First-principles effective Hamiltonian calculations of the electrocaloric effect in ferroelectric BaSr1−TiO3

Ferroelectric materials possess largest thermal response upon variations of the applied electric field, however, the magnitude corresponding to electrocaloric effect (ECE) is relatively too small for cooling applications. Theoretical insight is therefore required to provide additional information, leading to better understanding of the electrocaloric effect with enhanced performance. In this work, electrocaloric effect in BaxSr1−xTiO3 (BST) ferroelectric ceramics is calculated from first-principles based effective Hamiltonian. The influence of the electric field and concentration on ferroelectric properties of BaxSr1−xTiO3 are investigated in detail.

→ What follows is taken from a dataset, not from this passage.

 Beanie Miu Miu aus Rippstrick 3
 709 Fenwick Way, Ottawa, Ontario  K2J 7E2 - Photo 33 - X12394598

In particular, we have studied the polarization and pyroelectric coefficient as a function of temperature in order to examine the ECE. With increasing amount of Ba, the critical temperature Tc is diffused and shifted towards higher temperature range. In addition, the adiabatic temperature change ΔT of BaxSr1−xTiO3 is also predicted with particular focus on the applied electric field and concentration x. Hence, the electrocaloric effect performance was determined by the feature of the phase transition. Our results also reveal particular contribution of the field gradient primarily on the magnitude of adiabatic temperature change, leading to volume expansion, and thus improvement of ECE. Investigations in a wide temperature range also revealed large ECE shifted towards higher temperature to achieve ΔT⋍ 3.0 K for x = 1.0. An enhancement of ECE is therefore envisaged to show the usefulness of this material, which will be a step forward to experimentally synthesis this compound for more elucidations.